Recently marketed non-SSRI antidepressants are considered by most clinicians as second-line therapeutic options for treatment refractory patients or as augmenting agents. Since these antidepressant medications act on different neuronal systems, they are a rational choice in non-responders (182). They are also used as adjunctive agents to augment SSRIs in partial responders. Their overall efficacy as antidepres-sants is comparable to that of the standard antidepressant classes such as SSRIs, TCAs, and MAOIs, and some data indicate superiority compared to SSRI in depression with melancholic or endogenous features. They are second-line agents because the SSRI are easier to dose, are available in generic form, and have few medically serious adverse effects.
In addition to the efficacy of non-SSRI agents in depression, studies support efficacy in anxiety disorders (especially venlafaxine, mirtazapine, nefazodone) and ADHD (venlafaxine, bupropion). Bupropion's role in smoking cessation is well recognized (211) but it has also been used to treat neuropathic pain (212). Duloxetine and milnacipram are the preferred antidepressant agents in fibromy-algia. Bupropion and mirtazapine have become the agents of choice if SSRI-induced sexual dysfunction limits continued treatment with that class of drugs.

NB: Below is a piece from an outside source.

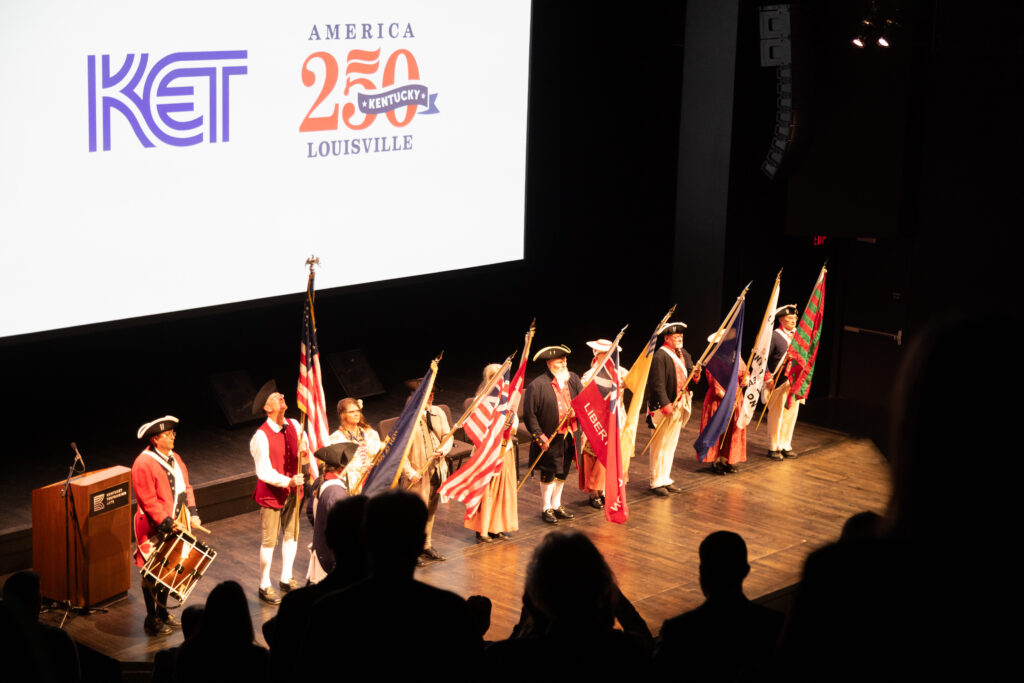 Members of the National Society of the Sons of the American Revolution Color Guard on stage at KET's Louisville event.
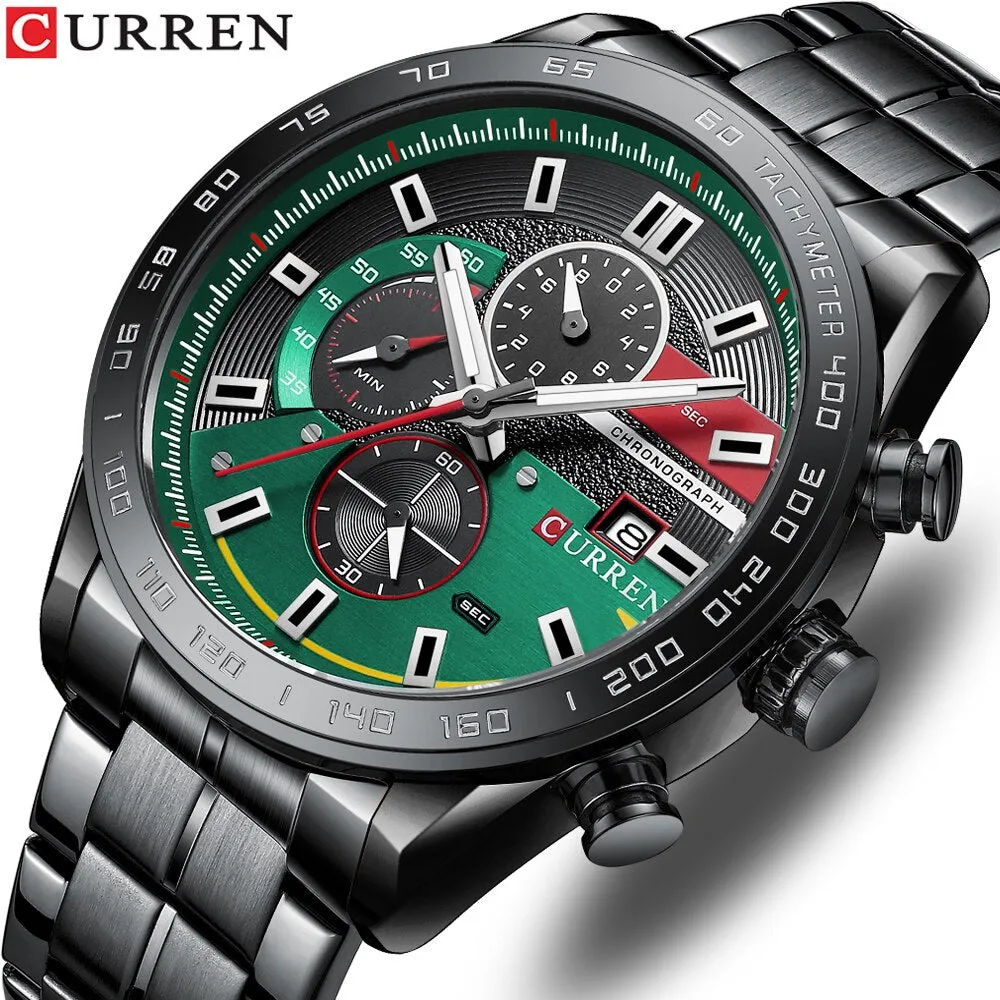 CURREN Men&#39;s Watch Top Brand Luxury Sports Analog Quartz Mens Watches Full Steel Waterproof Chronograph Wristwatch For Men Clock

Trazodone has a limited role, but may be useful in promoting sleep in patients taking energizing antidepressants, or as an augmentation agent. Nefazodone is a very effective antidepressant but its use has declined since reports of hepatotoxicity have appeared. Mirtazapine is also an effective antidepressant and antianxiety agent that is frequently used in combination with other antidepressants as an augmentation strategy and to improve sleep, although with higher doses its hypnotic actions are eliminated.
The possibility of a more rapid onset of clinical effect for agents that have mixed actions, mirtazapine and venlafaxine in particular, has been the subject of much debate. At present, there are insufficient data to support such a claim.